==== Materials provided ====

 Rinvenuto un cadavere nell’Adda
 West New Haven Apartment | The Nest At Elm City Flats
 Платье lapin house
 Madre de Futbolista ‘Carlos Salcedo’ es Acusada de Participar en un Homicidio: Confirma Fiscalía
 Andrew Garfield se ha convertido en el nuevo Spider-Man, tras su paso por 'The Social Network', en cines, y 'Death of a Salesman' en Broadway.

====
==== Materials provided ====

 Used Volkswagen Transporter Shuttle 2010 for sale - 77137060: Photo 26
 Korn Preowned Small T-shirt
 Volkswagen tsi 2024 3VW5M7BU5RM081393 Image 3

====

### Goal of the exercise
Go through the material above and output exactly the lines from the one containing "Madre de Futbolista" through the one containing "Andrew Garfield se".

### Solution
 Madre de Futbolista ‘Carlos Salcedo’ es Acusada de Participar en un Homicidio: Confirma Fiscalía
 Andrew Garfield se ha convertido en el nuevo Spider-Man, tras su paso por 'The Social Network', en cines, y 'Death of a Salesman' en Broadway.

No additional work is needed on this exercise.